Relying on this line of cases, federal courts in Nelson v. Correctional Medical Services, Women Prisoners of D.C. v. District of Columbia, and Brawley v. Washington have held that shackling women during and after labor is "antithetical to human dignity," and in violation of the 8th Amendment.
Nevertheless, in two recent Virginia and Arizona cases, federal courts have dismissed such suits not because the practice is constitutional, but rather because the officials had immunity for their actions.
This patchwork of federal decisions shows why we need state laws to regulate this practice. Without clear and established laws, the fate of pregnant incarcerated women lies in the hands of correctional officers, and an unpredictable piecemeal of federal decisions. In order to ensure uniformity against this inhuman treatment of incarcerated women enactment of laws provides the best protective mechanism. Having clear established laws will also present courts with defined parameters to interpret and assess the violation of individual rights and liberties.

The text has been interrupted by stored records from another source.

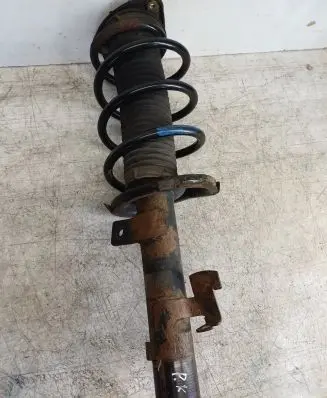 Ford Focus C-MAX Front shock absorber with coil spring 01065393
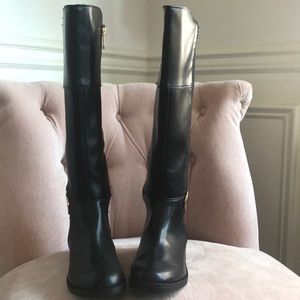 New Tommy Hilfiger Women’s Tall boot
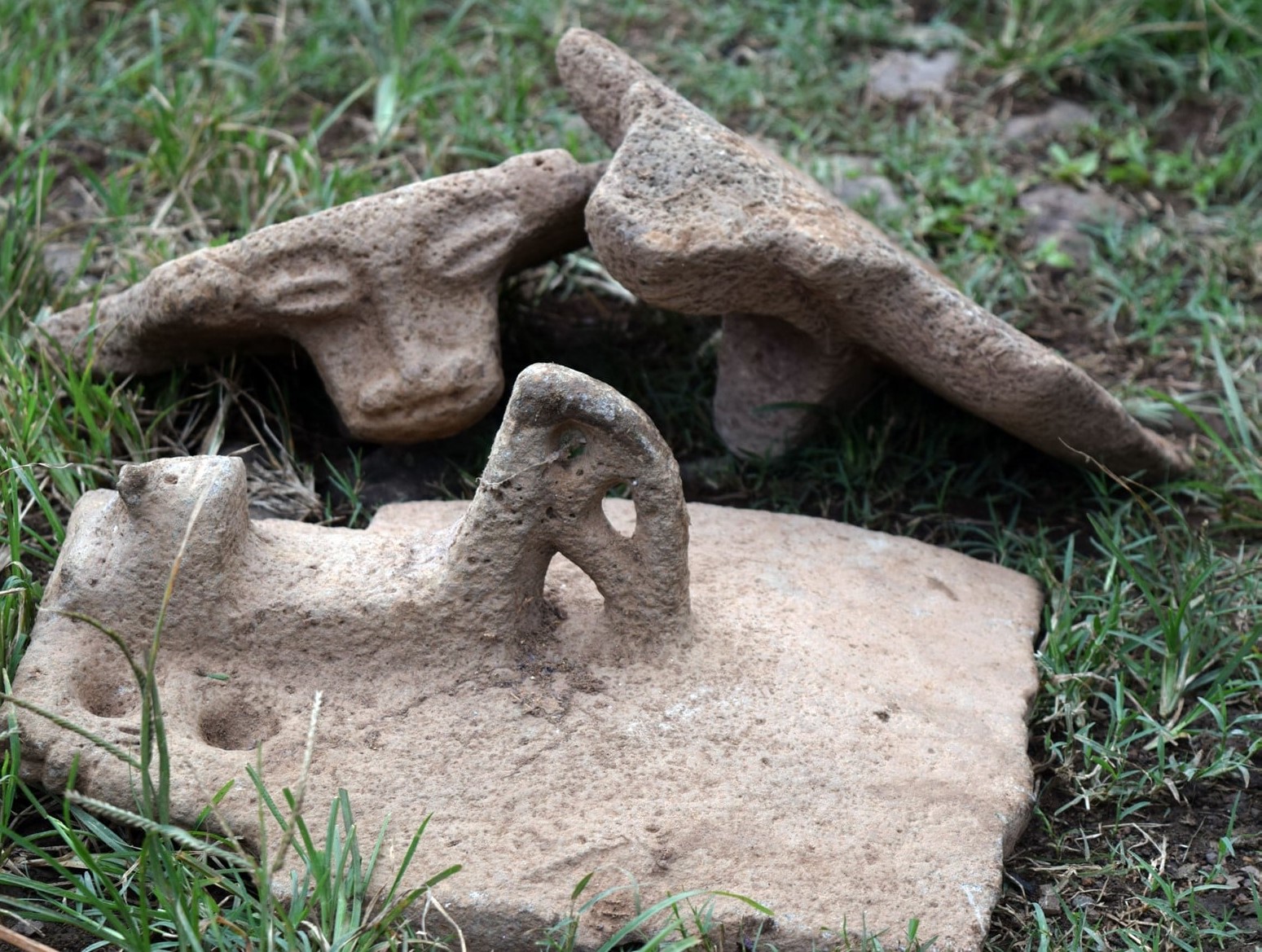 Vestigios Arqueológicos Cerro El Chile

Moreover, the fact that many states do not have laws dealing with this issue is dangerous not only for pregnant women, but also confusing for healthcare providers. For instance, in the absence of clear laws, Massachusetts' physicians often struggle between following Department of Health guidelines and the "invisible" policies relayed by correctional officers. MCI-Framingham, the state's only women's facility, has repeatedly delayed and effectively denied public records requests for their policies. "Not knowing what the laws are inhibits physicians from providing quality care," said a physician who previously assisted incarcerated women and who chooses to remain anonymous. She added that in the absence of clear guidelines pregnant women depend on their physicians to advocate on their behalf, and demand that correctional officers remove their shackles.
In the last few weeks, Massachusetts has become the newest state to start tackling the issue of shackling of pregnant incarcerated women. On February 20, 2014, Governor Patrick issued an emergency regulation to end shackling of pregnant incarcerated women during labor, which will expire 90 days after the day of its issuance.

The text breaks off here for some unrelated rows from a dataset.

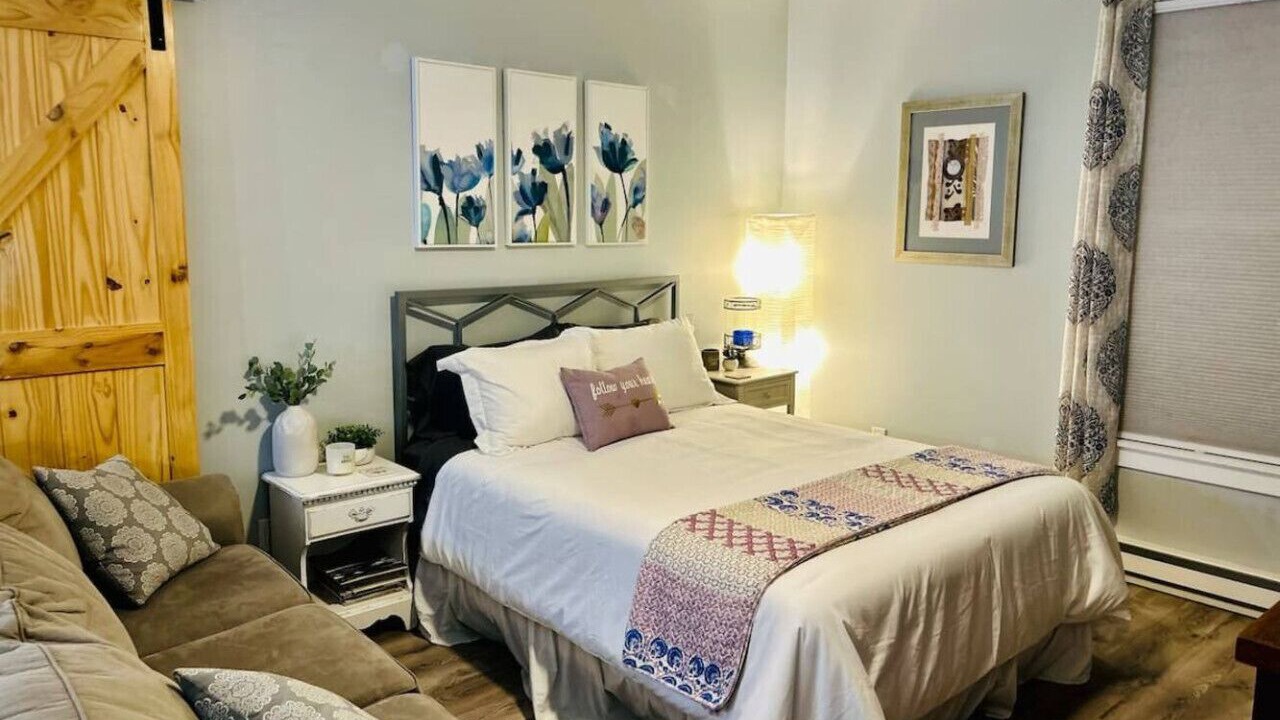 Photo of Bedroom in Catskill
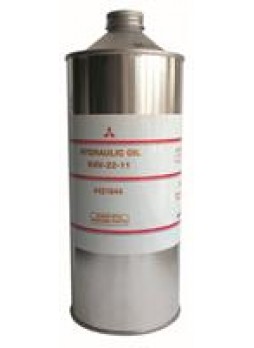 Масло гидравлическое "Hydraulic Oil KHV-22-11", 1л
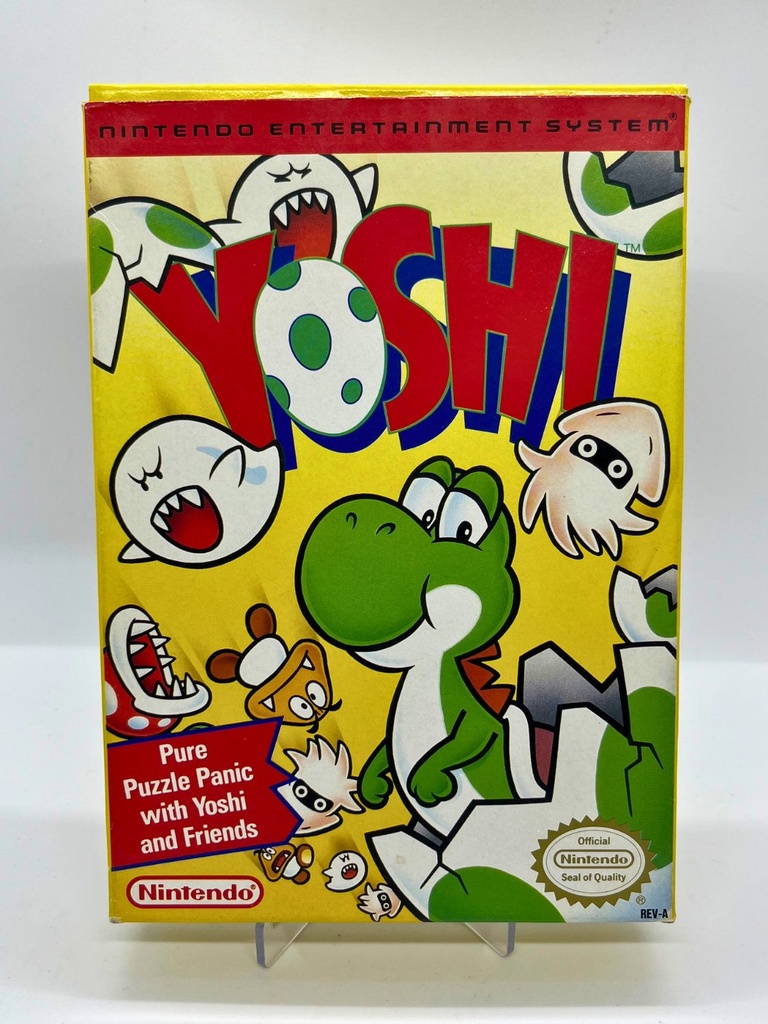 Yoshi - Nintendo Entertainment System - Used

Currently, there is an anti-shackling bill pending in the Massachusetts Senate Ways and Means Committee. When this bill comes up for a vote it is imperative for Senators to understand the need to ban shackling and establish clear guidelines for treatment of incarcerated pregnant women, not only during labor, but also during prenatal care and postpartum recovery. It is crucial for them to recognize that there are other modes of protection against the alleged risk of flight or danger. A majority of incarcerated women are non-violent offenders and the risk of flight during labor and postpartum recovery is exceptionally low.
Consequently, legislators in Massachusetts and any other state must question the actual necessity of this degrading and harmful practice and create alternative means to meet correctional facilities' security concerns (i.e. hiring adequate number of personnel for monitoring and placing guards immediately outside of the delivery room.) It is essential for our legislators to see these women as who they are: humans and mothers to be.
Our laws and morality should not stop at prison doors. We must demand that our lawmakers take an active stand in opposing this cruel and inhuman treatment and to uphold the United States' commitment under international treaties and our own constitution.